Le principali attività illecite delle mafie in relazione al settore agroalimentare: estorsioni, usura a danno degli imprenditori, furti, sofisticazioni alimentari, infiltrazione nella gestione dei consorzi per condizionare il mercato e falsare la concorrenza. Emergono numerose inchieste della magistratura su questi fronti, ma nel mirino della magistratura inquirente anche la gestione dei mercati generali, del trasporto e della logistica in tutta la filiera, dell'export dei prodotti di qualità commercializzati in tutto il mondo. Purtroppo, però, ci sono anche quelli di pessima qualità nel mirino della criminalità organizzata. La contraffazione alimentare è aumentata del 128% negli ultimi dieci anni, un giro d'affari di circa 60 miliardi quello legato al fenomeno dei prodotti definiti Italian sounding e alla speculazione dell'Italian branding. Sono 27 i clan2 che si occupano attivamente di business legati alle ecomafie, alle agromafie e al consumo del territorio dovuto all'abusivismo edilizio e sversamento illegale dei rifiuti.
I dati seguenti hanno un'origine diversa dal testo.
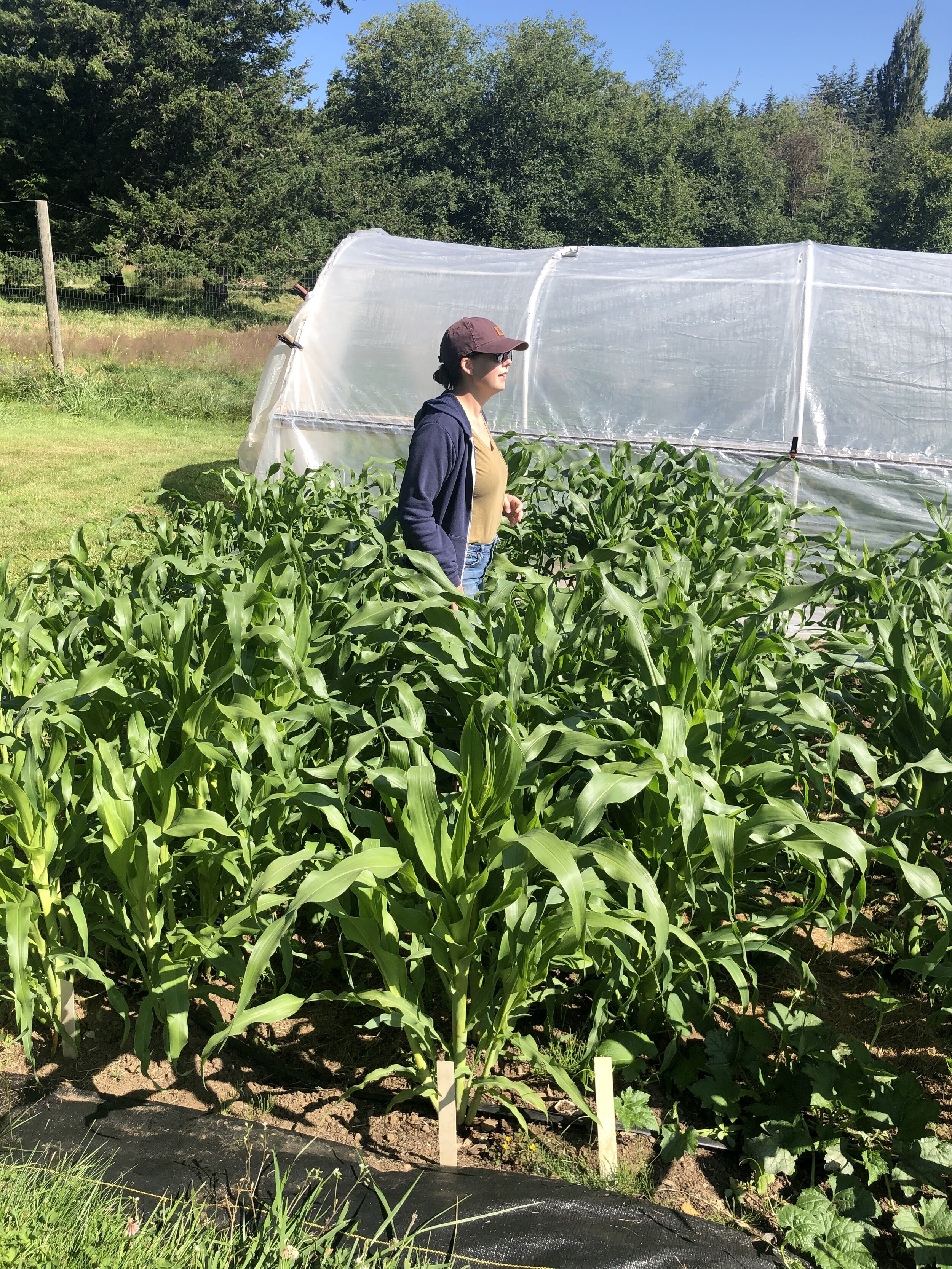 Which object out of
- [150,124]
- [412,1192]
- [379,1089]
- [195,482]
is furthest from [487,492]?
[150,124]

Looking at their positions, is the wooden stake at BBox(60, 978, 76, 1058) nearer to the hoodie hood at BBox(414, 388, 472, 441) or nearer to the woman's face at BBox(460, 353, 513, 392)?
the hoodie hood at BBox(414, 388, 472, 441)

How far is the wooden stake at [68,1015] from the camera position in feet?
6.97

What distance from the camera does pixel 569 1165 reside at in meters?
1.89

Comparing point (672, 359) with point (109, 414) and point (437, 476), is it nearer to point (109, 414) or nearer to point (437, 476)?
point (437, 476)

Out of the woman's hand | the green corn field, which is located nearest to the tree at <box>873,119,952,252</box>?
the woman's hand

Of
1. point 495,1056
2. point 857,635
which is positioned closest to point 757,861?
point 495,1056

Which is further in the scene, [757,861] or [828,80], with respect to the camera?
[828,80]

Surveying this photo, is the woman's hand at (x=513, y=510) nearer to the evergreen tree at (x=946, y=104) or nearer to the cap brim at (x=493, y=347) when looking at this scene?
the cap brim at (x=493, y=347)

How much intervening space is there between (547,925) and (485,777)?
0.30 m

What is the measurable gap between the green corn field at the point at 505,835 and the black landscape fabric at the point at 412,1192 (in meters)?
0.17

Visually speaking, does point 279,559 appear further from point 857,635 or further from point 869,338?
point 869,338

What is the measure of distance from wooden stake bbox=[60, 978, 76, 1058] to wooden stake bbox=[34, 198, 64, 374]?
9592 millimetres

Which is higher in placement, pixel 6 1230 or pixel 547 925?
pixel 547 925

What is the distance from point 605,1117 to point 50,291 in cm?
1077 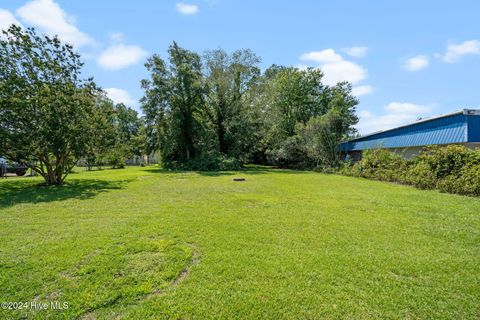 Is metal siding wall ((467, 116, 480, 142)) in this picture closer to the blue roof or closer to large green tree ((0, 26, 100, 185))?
the blue roof

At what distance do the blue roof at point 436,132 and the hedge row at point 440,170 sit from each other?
175 centimetres

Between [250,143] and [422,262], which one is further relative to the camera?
[250,143]

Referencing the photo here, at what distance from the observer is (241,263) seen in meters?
3.18

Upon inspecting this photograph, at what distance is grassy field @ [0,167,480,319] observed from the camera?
2.35 meters

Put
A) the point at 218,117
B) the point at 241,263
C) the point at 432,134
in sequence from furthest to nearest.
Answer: the point at 218,117
the point at 432,134
the point at 241,263

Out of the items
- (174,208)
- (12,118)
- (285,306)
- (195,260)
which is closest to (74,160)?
(12,118)

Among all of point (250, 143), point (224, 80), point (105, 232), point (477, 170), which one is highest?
point (224, 80)

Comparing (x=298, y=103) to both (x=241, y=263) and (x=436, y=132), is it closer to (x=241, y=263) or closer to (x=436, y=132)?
(x=436, y=132)

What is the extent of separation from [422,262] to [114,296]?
3.93 m

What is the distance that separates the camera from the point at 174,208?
6.20m

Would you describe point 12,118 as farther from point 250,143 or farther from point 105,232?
point 250,143

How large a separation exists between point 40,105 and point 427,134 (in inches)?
742

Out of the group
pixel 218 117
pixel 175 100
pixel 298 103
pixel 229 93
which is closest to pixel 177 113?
pixel 175 100

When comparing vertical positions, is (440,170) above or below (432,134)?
below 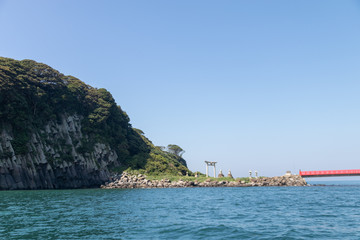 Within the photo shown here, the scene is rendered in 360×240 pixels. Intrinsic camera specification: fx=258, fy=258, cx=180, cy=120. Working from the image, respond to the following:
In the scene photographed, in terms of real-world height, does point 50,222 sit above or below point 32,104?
below

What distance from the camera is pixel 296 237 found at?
13898 mm

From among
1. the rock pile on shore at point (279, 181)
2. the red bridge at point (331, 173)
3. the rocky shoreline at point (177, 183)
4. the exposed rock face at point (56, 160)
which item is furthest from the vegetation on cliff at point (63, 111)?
the red bridge at point (331, 173)

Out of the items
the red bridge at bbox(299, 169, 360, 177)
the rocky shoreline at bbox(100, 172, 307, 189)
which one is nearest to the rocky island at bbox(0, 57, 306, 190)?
the rocky shoreline at bbox(100, 172, 307, 189)

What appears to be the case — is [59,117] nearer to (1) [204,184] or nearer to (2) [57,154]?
(2) [57,154]

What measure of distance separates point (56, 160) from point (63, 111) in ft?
50.0

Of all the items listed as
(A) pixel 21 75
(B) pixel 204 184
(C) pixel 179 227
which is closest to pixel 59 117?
(A) pixel 21 75

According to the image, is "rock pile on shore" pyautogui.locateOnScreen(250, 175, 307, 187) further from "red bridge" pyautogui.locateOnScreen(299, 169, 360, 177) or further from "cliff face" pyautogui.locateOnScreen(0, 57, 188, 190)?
"cliff face" pyautogui.locateOnScreen(0, 57, 188, 190)

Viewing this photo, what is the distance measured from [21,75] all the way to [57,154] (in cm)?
2062

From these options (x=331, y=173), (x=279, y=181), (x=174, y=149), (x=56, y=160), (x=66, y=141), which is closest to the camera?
(x=56, y=160)

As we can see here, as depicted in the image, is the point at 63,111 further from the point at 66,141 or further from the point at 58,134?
the point at 66,141

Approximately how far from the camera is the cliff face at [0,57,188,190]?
54812mm

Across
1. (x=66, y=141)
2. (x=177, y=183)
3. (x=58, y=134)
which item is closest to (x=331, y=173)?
(x=177, y=183)

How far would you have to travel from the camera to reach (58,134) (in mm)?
69000

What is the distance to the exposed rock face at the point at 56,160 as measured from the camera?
52.8 metres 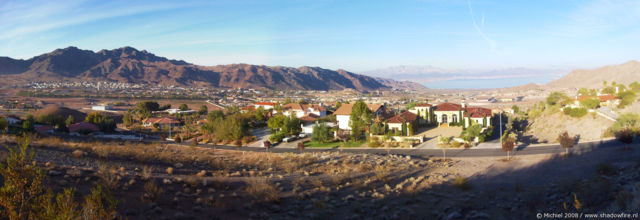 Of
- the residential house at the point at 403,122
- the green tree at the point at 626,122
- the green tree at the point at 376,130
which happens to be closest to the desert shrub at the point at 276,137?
the green tree at the point at 376,130

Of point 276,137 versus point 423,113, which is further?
point 423,113

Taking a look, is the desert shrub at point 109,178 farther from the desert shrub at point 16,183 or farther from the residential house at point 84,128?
the residential house at point 84,128

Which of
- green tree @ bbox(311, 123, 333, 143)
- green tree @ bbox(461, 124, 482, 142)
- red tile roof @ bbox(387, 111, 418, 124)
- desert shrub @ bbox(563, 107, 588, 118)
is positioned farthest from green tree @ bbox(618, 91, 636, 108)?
green tree @ bbox(311, 123, 333, 143)

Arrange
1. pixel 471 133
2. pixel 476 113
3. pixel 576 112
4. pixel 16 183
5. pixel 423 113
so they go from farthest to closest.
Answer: pixel 423 113
pixel 476 113
pixel 576 112
pixel 471 133
pixel 16 183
Un giro d’affari, quelle delle Agromafie dunque, che secondo operatori istituzionali e della società civile si aggira tra i 12 e i 17 miliardi di euro l'anno, circa il 10% dei guadagni della criminalità mafiosa, così come quantificato dalla Commissione Antimafia. 

La voce delle Istituzioni e il Sindacato di strada

Nell'ultima parte del report si possono trovare due interviste ai procuratori capo di Caserta e Foggia, due dei territori maggiormente coinvolti dai fenomeni di sfruttamento lavorativo e dal caporalato in agricoltura. Poi due storie di lavoratori che hanno deciso di ribellarsi al ricatto, denunciare i propri sfruttatori e trovare un'alternativa nella legalità, come raccontano Ioana e Tonino. Poi le testimonianze dirette dei sindacalisti impegnati nelle tante frontiere italiane: dalle esperienze di un nord sempre più coinvolto rispetto al passato, a quelle di un sud in cui l'assenza dello Stato spesso vede proprio nel sindacato uno dei primi e unici punti di riferimento. È il caso del sindacato di strada, dei tanti progetti avviati sui territori in rete con tante realtà associative e della società civile, a partire da “Invisibili delle campagne di raccolta”.